Overview of Covid-19 Test Numbers in NYC



In this lab, I aimed to make a data visualization work about covid-19 test numbers(Including number of conducted tests, confirmed cases, death and hospitalization.)

3 data visualization work provided inspiration to this project. Among them, my favorite one is Interactive Data Visualization for exploring Coronavirus Spreads by B. Chen (Pic.1), which is an interactive compound chart for exploring Coronavirus Spreads. As you can see below, the one on the top shows the daily new cases and the one at the bottom shows the total number of new cases for the selected area. Chen’s Chart is an excellent example of time-based data visualization works about Covid-19 Data to me.

pic 1 Interactive Data Visualization for exploring Coronavirus Spreads by B. Chen

Bing’s Covid-19 Tracker (Pic 2) is another work I consulted with. While I finally used a different way to present a timeline in my lab work, Covid-19 Tracker help me to think more about how to present a timeline of 1 to 2 years.

Pic 2 Covid-19 Tracker by Bing

The final work I consulted with is the lab 2 example posted by professor Chris Sula.(Pic 3) This is my first time to work with Tableau and this example helped me to understand more about what a Tableau data visualization worksheet would look like, and what a Tableau data visualization project would look like.

Pic 3 Arrest in Cook County, Lab example by Chris Sula


– Dataset: COVID-19 Outcomes by Testing Cohorts: Cases, Hospitalizations, and Deaths from NYC Open Data.

-Tool: Google spreadsheet, Tableau

The Process

I started by searching on datasets related to the topic, and finally decided on the dataset: COVID-19 Outcomes by Testing Cohorts: Cases, Hospitalizations, and Deaths from NYC Open Data. The dataset shows outcomes (confirmed cases, hospitalizations, and deaths) for cohorts defined by each date of specimen collection. Here are two side notes on this step

– I chose this dataset because 1. the size of this dataset is optimal (I tried to fetch a larger dataset before this one. Unfortunately, it took 5 hours for me to download it and it was impossible to open it in Open Refine.) 2. the dataset is more up-to-date compared to other datasets I found related to the topic.

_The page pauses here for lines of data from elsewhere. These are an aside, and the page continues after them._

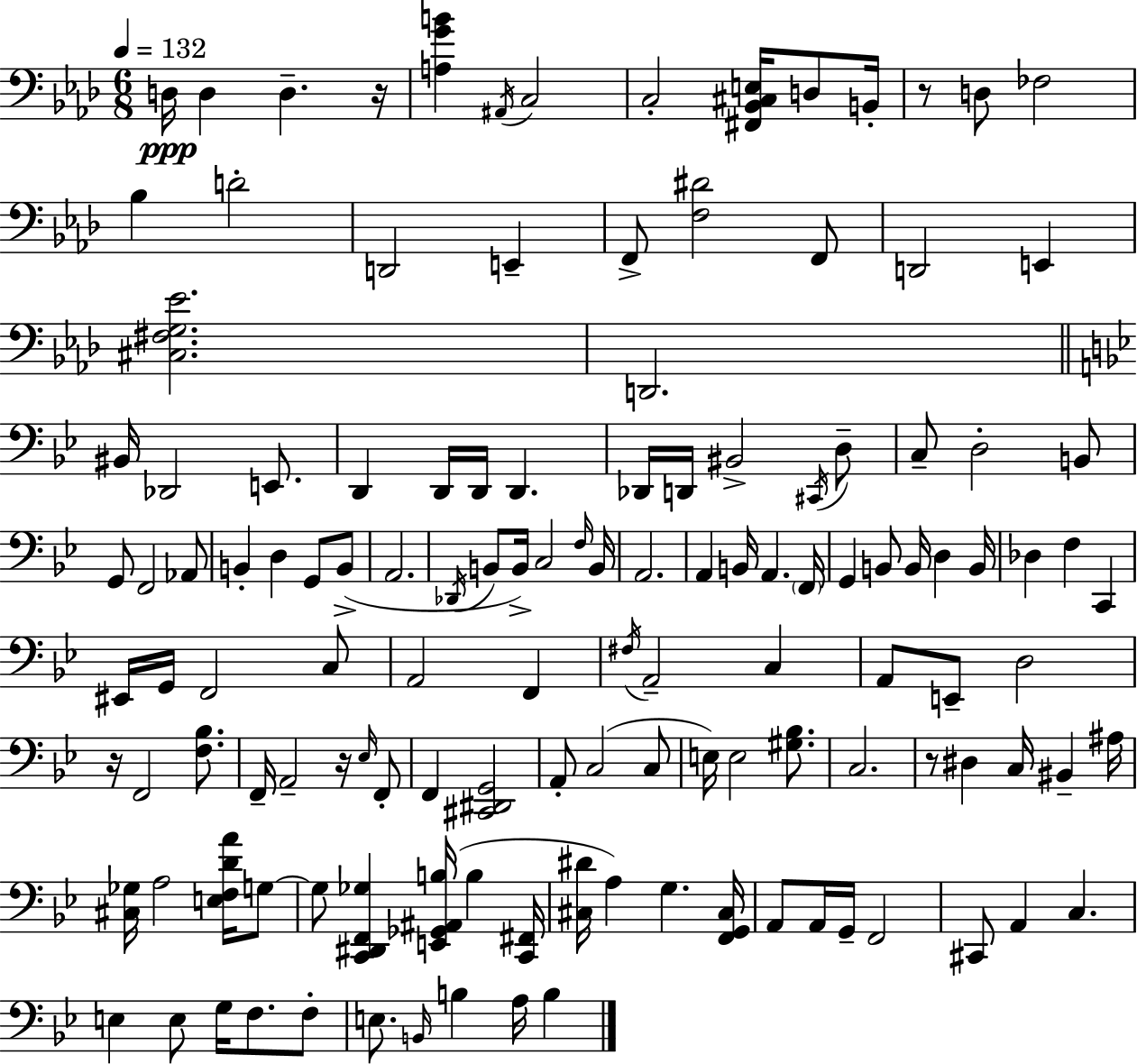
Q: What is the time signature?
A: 6/8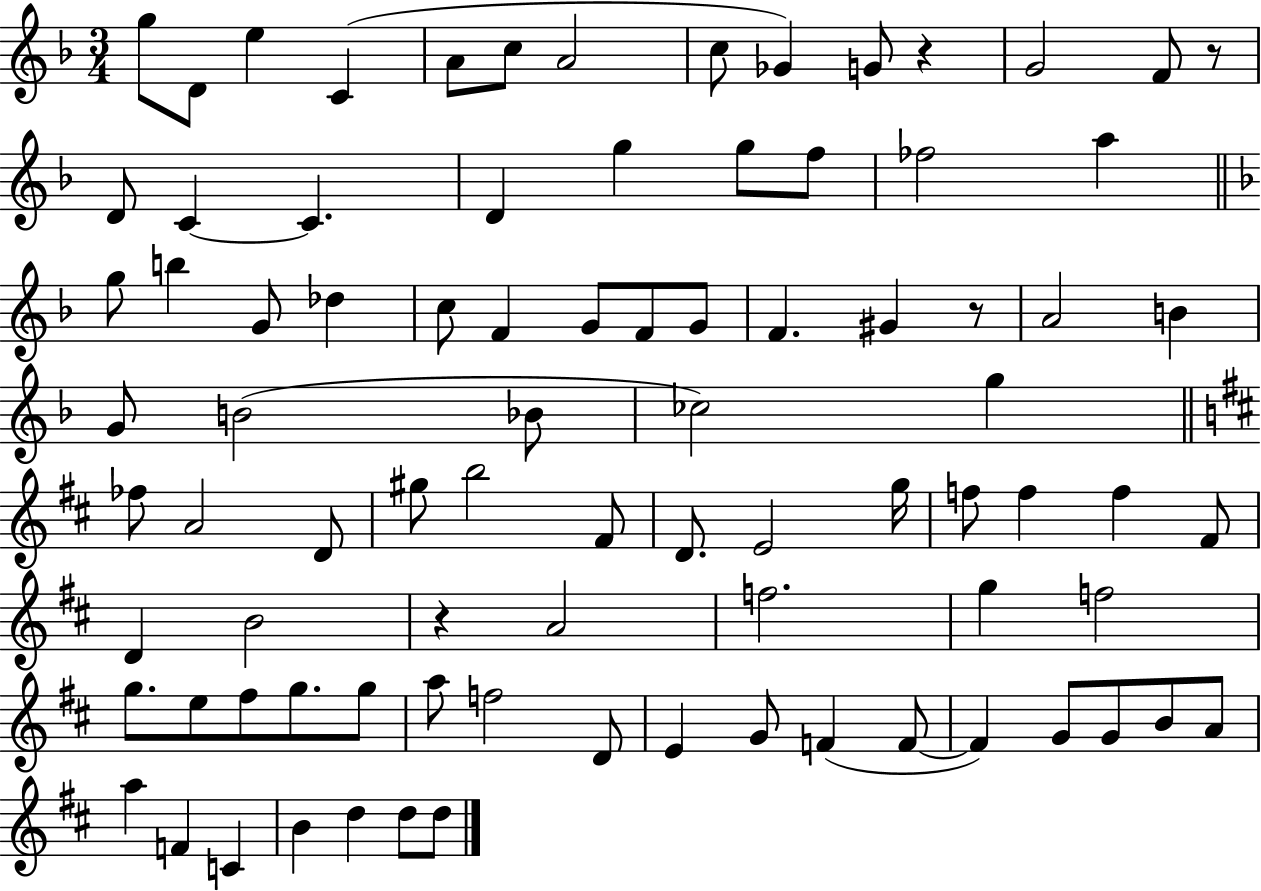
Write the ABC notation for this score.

X:1
T:Untitled
M:3/4
L:1/4
K:F
g/2 D/2 e C A/2 c/2 A2 c/2 _G G/2 z G2 F/2 z/2 D/2 C C D g g/2 f/2 _f2 a g/2 b G/2 _d c/2 F G/2 F/2 G/2 F ^G z/2 A2 B G/2 B2 _B/2 _c2 g _f/2 A2 D/2 ^g/2 b2 ^F/2 D/2 E2 g/4 f/2 f f ^F/2 D B2 z A2 f2 g f2 g/2 e/2 ^f/2 g/2 g/2 a/2 f2 D/2 E G/2 F F/2 F G/2 G/2 B/2 A/2 a F C B d d/2 d/2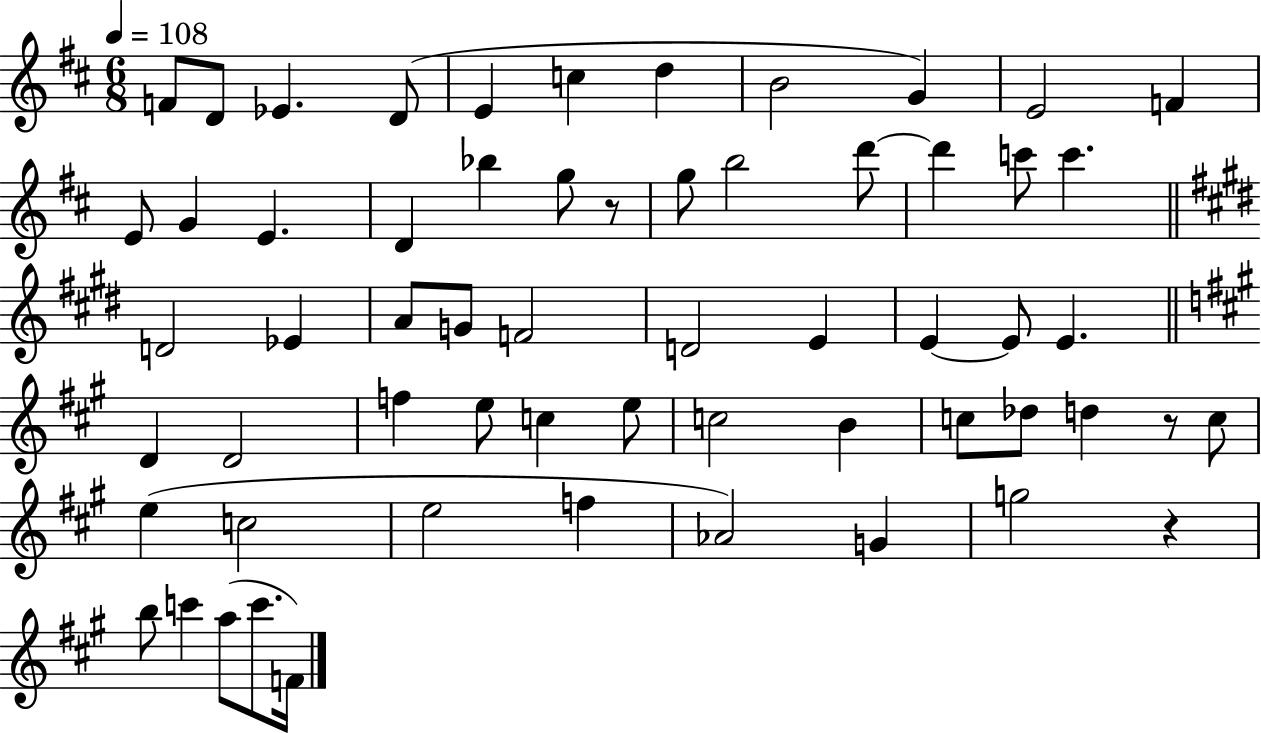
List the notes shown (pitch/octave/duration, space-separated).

-On this step, choice of dataset is not optimal. Read more in Reflection section.

Pic 4. Overview of the dataset: COVID-19 Outcomes by Testing Cohorts: Cases, Hospitalizations, and Deaths from NYC Open Data.

I then cleaned data in google spreadsheet and download the CSV file to import into Tableau.

To start with Tableau,I first made a timeline-based data visualization graphic about number of covid tests since 2020 March to 2021 March. In this sheet, I filtered time with starting date of weeks for 2 reasons:

1. I want to show the audience as much information as I can while I don’t I want to overload them with too much information.

2. While months and year would also be a good combination, I failed to find out a way to show both the month and year info together in a logical way.

The overall purpose of this map is to introduce how covid-19 test number changed in the period of time. For that reason, I highlighted some key points with annotations. I also used mark to show when covid 19 test declines most fastly(Surprisingly, the last week of February 2021!)

Pic 5. Number of Covid-19 Tests

And then, I created a new worksheet to make another info-graphic for test number fluctuations in the period of time. I created this graphic to provide extra info based on my first worksheet.

Pic 6 % Difference in Covid Tests Numbers Week by Week

I used my last worksheet to present numbers of confirmed cases and deaths. I put them together because I want the audience to have a bigger picture about confirmed-case & death relationships while reading the infographic. To make the graphic more readable, I marked the highest and lowest number in this graph.

Pic 7. Number of Confirmed Cases & Death Cases

On the final step, I combined all the 3 worksheets together to create the dash board you see below. I want my audience to see Number of Covid-19 Tests at a first sight, and then they can explore more into the dashboard for extra information.

Pic 8. Covid-19 Tests in NYC_ Number of Tests, Confirmed Cases and Death


Choice of Data Set

As mentioned before, the dataset I chose in this lab is not an optimal one. The main reason I chose it was because of the size. However, most data of this dataset is numerical data and there are no categories inside of this dataset. For this reason, this dataset is not a perfect fit of Tableau.

I do wonder: 1. What is the right size range for a CVS file? 2. For the data set I have, is there any way to manipulate with it to create categories?

Story Telling

The purpose of my work of this lab is to tell a time-based story to the audience. Fortunately, based on my peer review result, my peer partener found my dashboard telling an interesting story. However, when I reviewed it later, I found several points to improve:

-I should have highlighted important numbers not only with paragraphs but also font size.

-I wonder if I can do a better job giving titles to a number based info graphic.

-I wonder if there are other ways to organize different types of charts together to tell a better story.